If, for example, the duration of the second audio segment is less than the first audio segment, then one or more frames from the media segment can be removed. By removing one or more frames from the media segment, the duration of the media segment can be decreased. Every Nth frame from the media segment can be deleted to decrease the duration of the media segment. If, for instance, the duration of the second audio segment is approximately twenty percent less than the duration of the first audio segment, then every twentieth frame from the media segment can be dropped.

The media segment can be modified by adding or dropping frames at anytime. For example, the media segment can be modified by a processor at run-time, such that the media segment includes copied or deleted frames. In this way, the media segment can be substantially synchronized with the audio segment at run-time (play-time). In another embodiment, frames can be added to or deleted from the media segment at development time, for example, using a processor. In this way, as the audio streams are processed in connection with the media segment, synchronization can be preserved by automatically modifying the media segment to compensative for any losses or gains in overall duration.

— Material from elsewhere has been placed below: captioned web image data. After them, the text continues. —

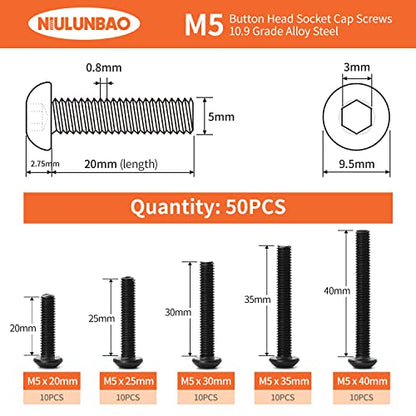 M5 x 20mm 25mm 30mm 35mm 40mm Button Head Socket Cap Screws Bolts, 10.9 Grade Alloy Steel, Black Oxide Finish, Allen Socket Drive, Metric Machine Fully Threaded, Assortment Kit 50PCS - size: M5 x 20/25/30/35/40mm (50PCS)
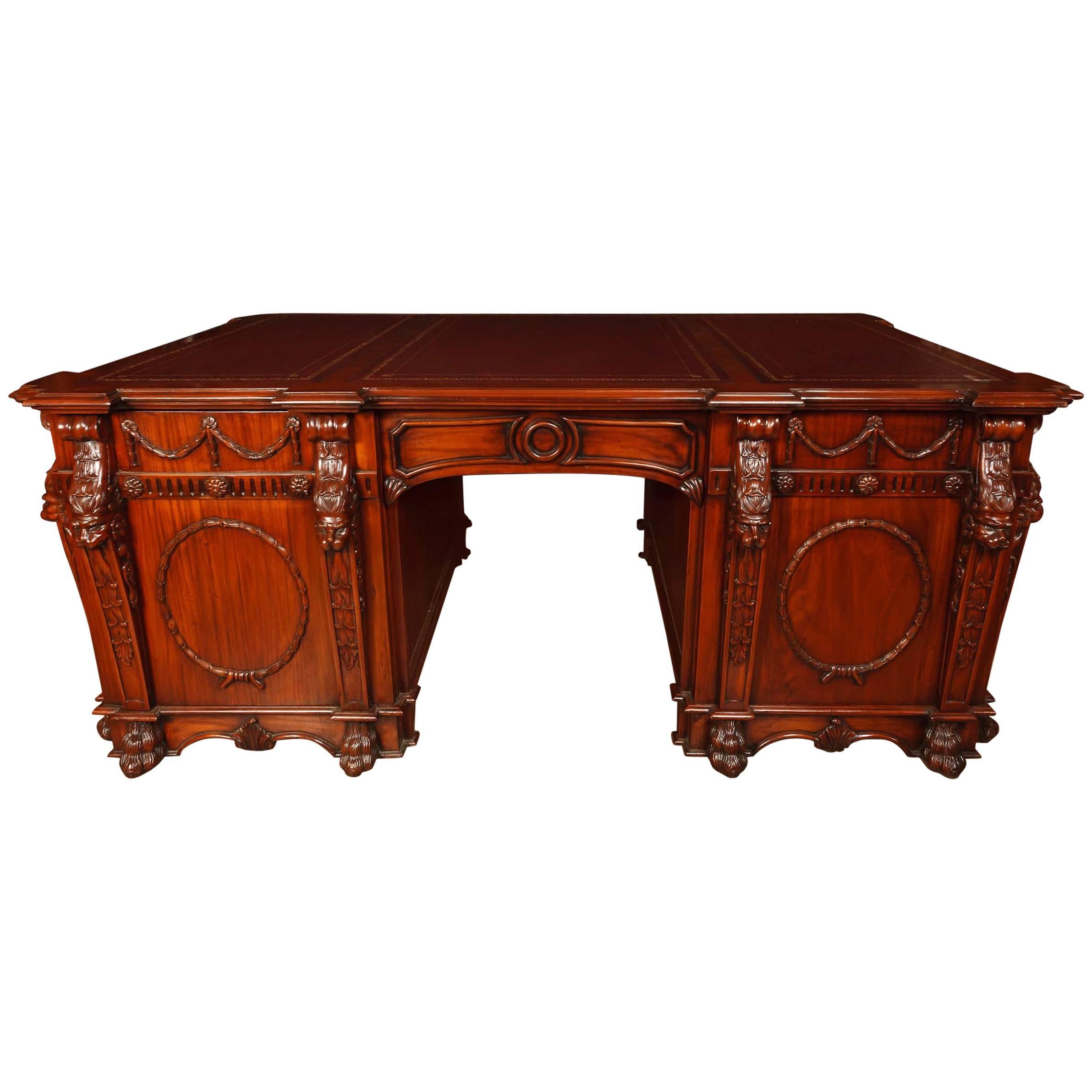Chippendale Style Mahogany Partners Desk Nostell Priory Desks For Sale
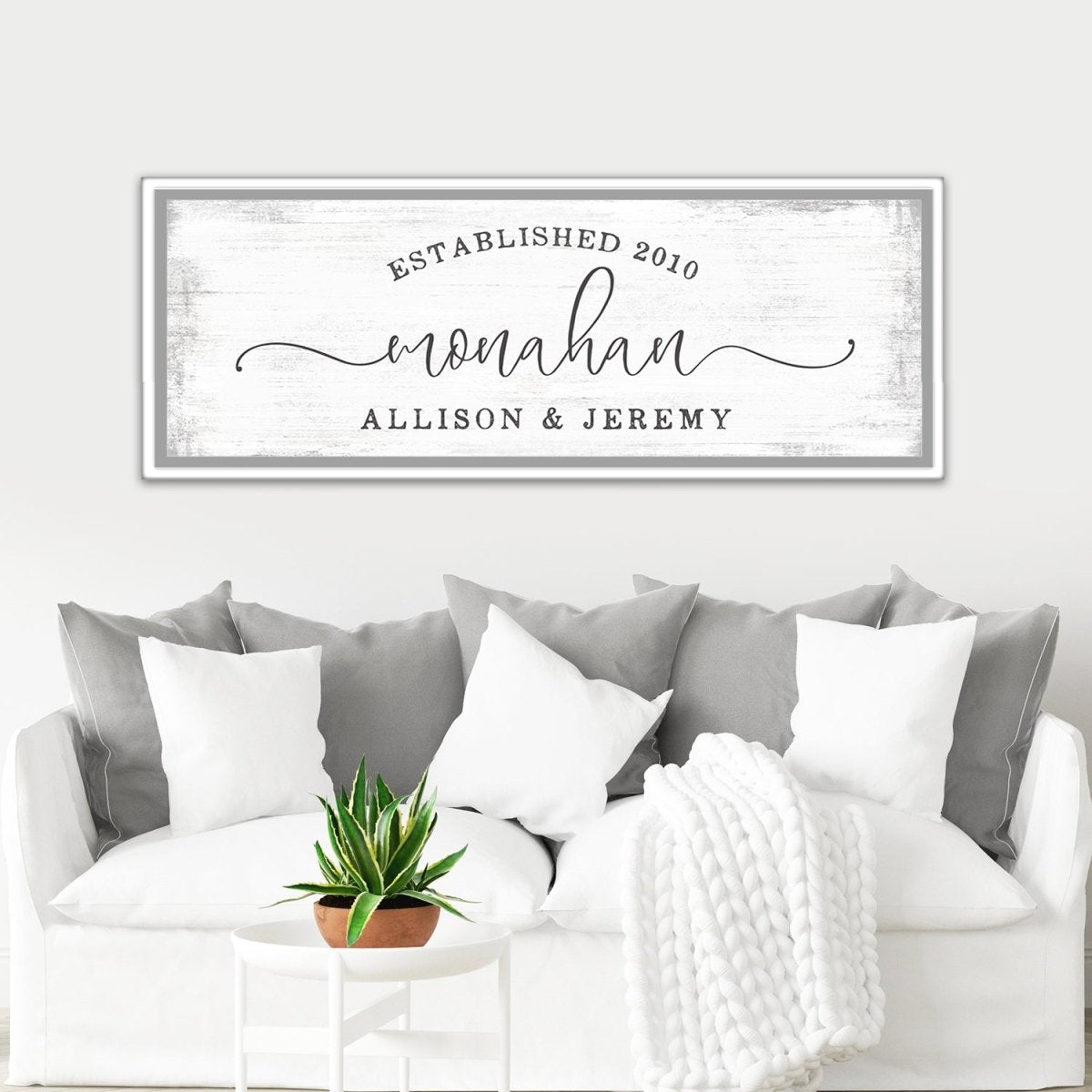 Newlywed Established Sign With Names Above Couch - Pretty Perfect Studio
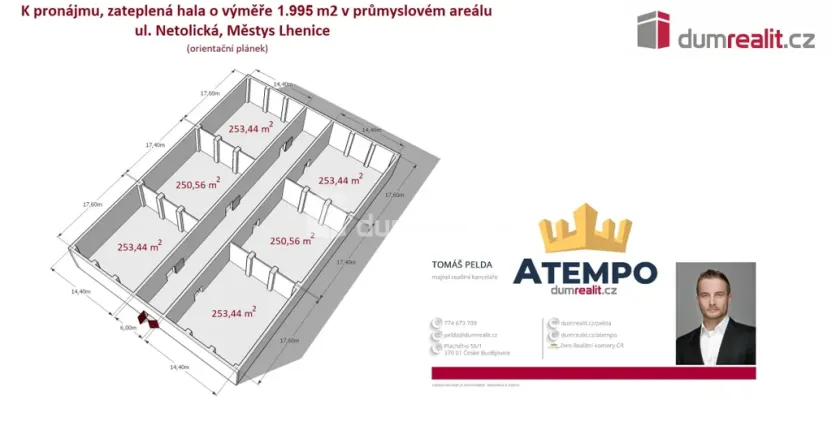 Pronájem skladu, Lhenice, Netolická, 1582 m2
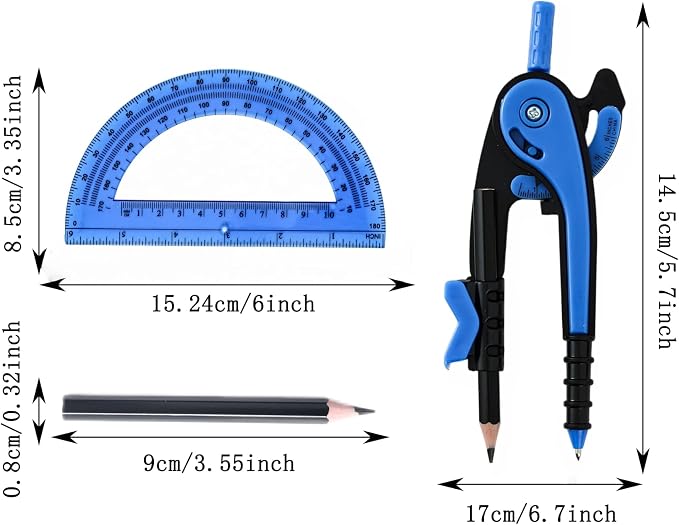 Vobou Compass for Geometry Set, 6 Inch Clear Protractor (Dark Blue) | 6 Inch Compass, Sharpener and Eraser, Easy Grip, Drafting Tool for Scool, Art, Drawing Precision Design for Math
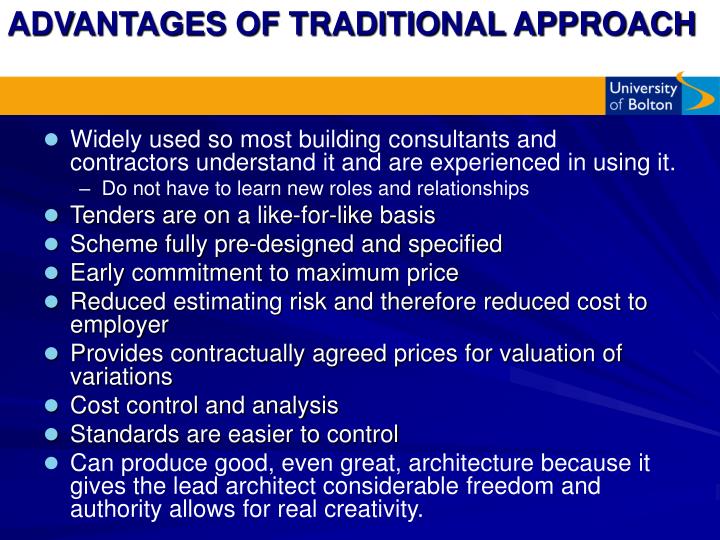 Traditional Procurement Method Advantage And Disadvantage Description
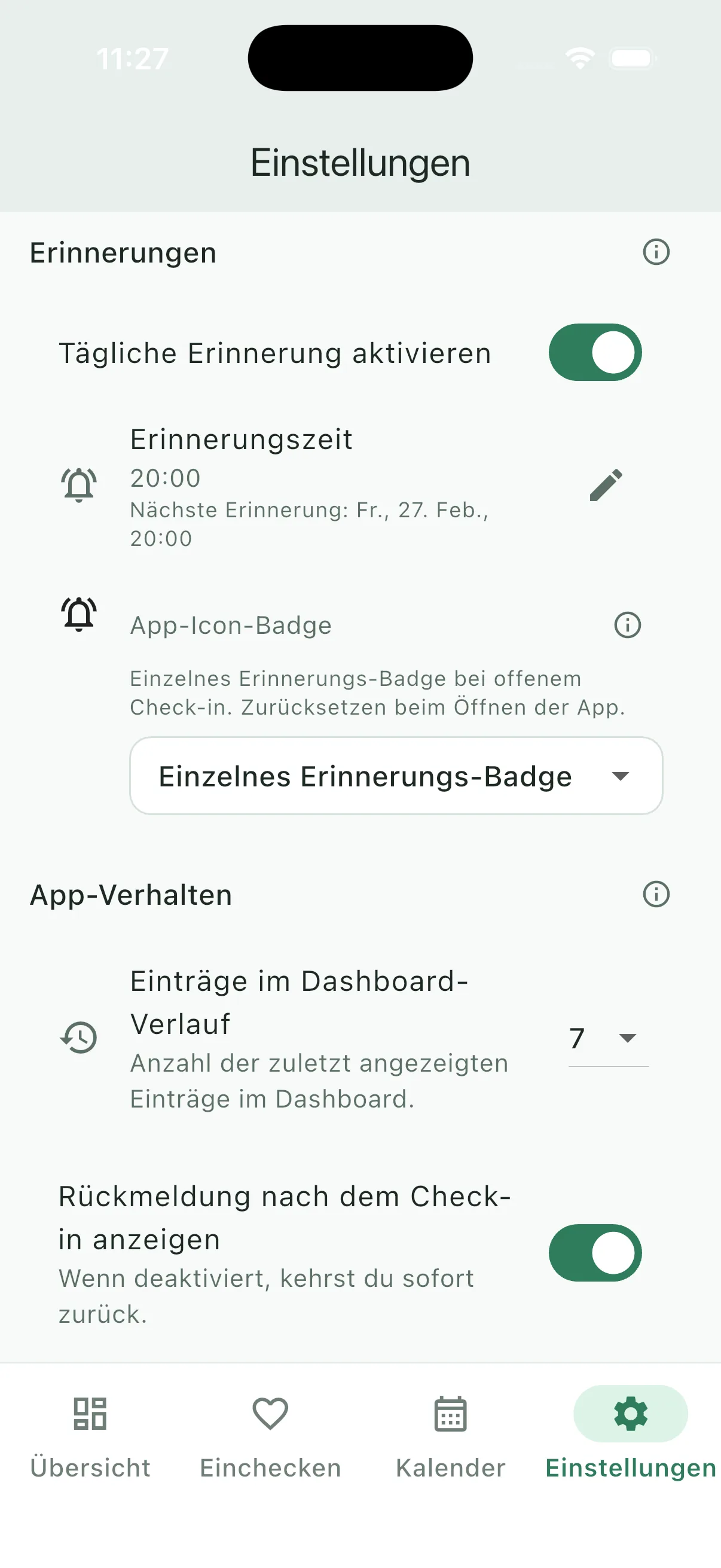 Detailansicht Verlauf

The media segment and first and second audio segments can be defined as segments using time-codes. The media and audio segments reflect a portion of a file, respectively (e.g., a portion of a video file, first audio file, second audio file). The media and first and second audio streams can be segmented with time-codes. The time-codes can define the segments by specifying where each segment begins and ends in the stream. In addition, markers may be inserted into the audio and media segments. These markers may be used to determine which segment is currently being processed. When a marker is processed, it can trigger an event. For example, at run-time (e.g., upon playback), if a marker is processed, an event can be fired.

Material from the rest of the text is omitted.